6. Sales and customer service
Understanding people’s needs and learning how to address them truly is the foundational learning of most successful entrepreneurs. Sales positions involve pitching a product, which is helpful, but more importantly, they give you exposure to lots of external people. Especially when you are young and coming out of school, sales roles are great at quickly taking you out of your comfort zone and forcing you to provide value to real people. Customer service positions are also excellent stepping stone positions that teach you problem-solving, principles of product-market fit, and how to deal with people positively — all especially valuable skills for entrepreneurship.

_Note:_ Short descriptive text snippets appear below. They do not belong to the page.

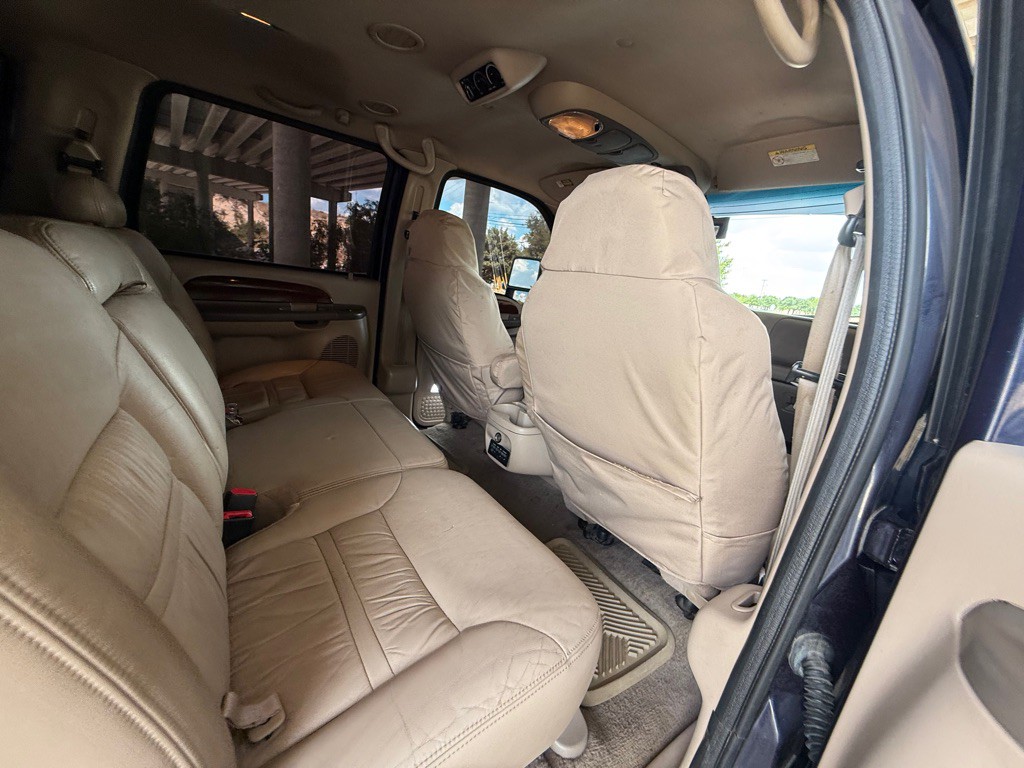 2000 Ford Excursion Image 16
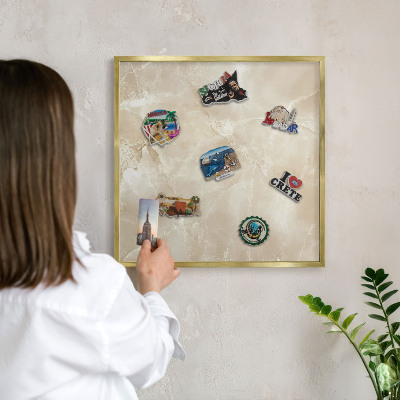 Tableau magnétique avec cadre de couleur dorée Motif marbré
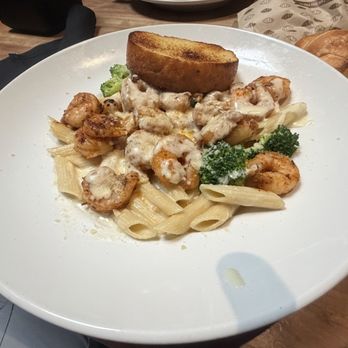 Cheddar's Scratch Kitchen - Grilled Shrimp Alfredo ( my son's favorite dish) - Comfort Food Near Me - Coralville, Iowa Cheddar's Scratch Kitchen - Grilled Shrimp Alfredo ( my son's favorite dish) - Comfort Food Near Me - Coralville, Iowa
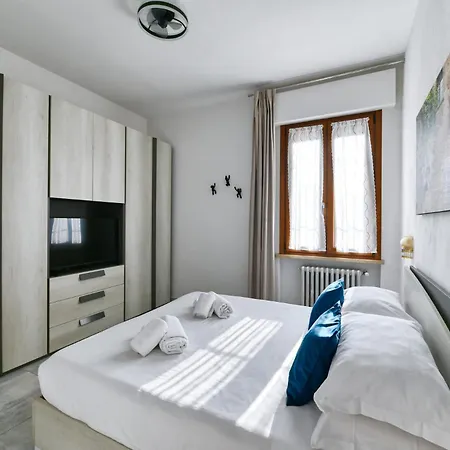 The Red House - & Business *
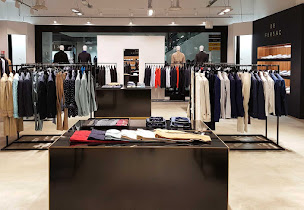 Photo n°9 de Boutique Outlet Fursac - Marques Avenue Corbeil Essonnes à Corbeil-Essonnes (Magasin de smokings)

You can use your skills and time to offer services immediately, no matter your level of experience. The path of “solopreneurship” doesn’t presuppose having a plan for a big business, but instead focuses on the immediate generation of income based on your own efforts. Gig work falls into this category and franchise-based entrepreneurship, which I tried my hand at personally while in college. This is the “just start already” or “bootstrapping” mentality, which does not require a gatekeeper to grant you access – whether that gatekeeper is a venture capitalist or a name-brand employer. There are no limits to any of these paths, and direct entrepreneurship/solopreneurship is no different — this can be a path you take for a few months, a side hustle to make ends meet or a lifetime of self-created business — the choice is yours.
Successful entrepreneurs come from all walks of life, all professions and from every age. Remember that no job that you take will ever prevent you from becoming an entrepreneur. Some paths may take you there immediately, some will build wealth so that you can do it later, some will give you skills and experience, and others may give you the free time you need to develop your ideas. Take the time to consciously choose your overall trajectory so that you can drive forward with self-determination.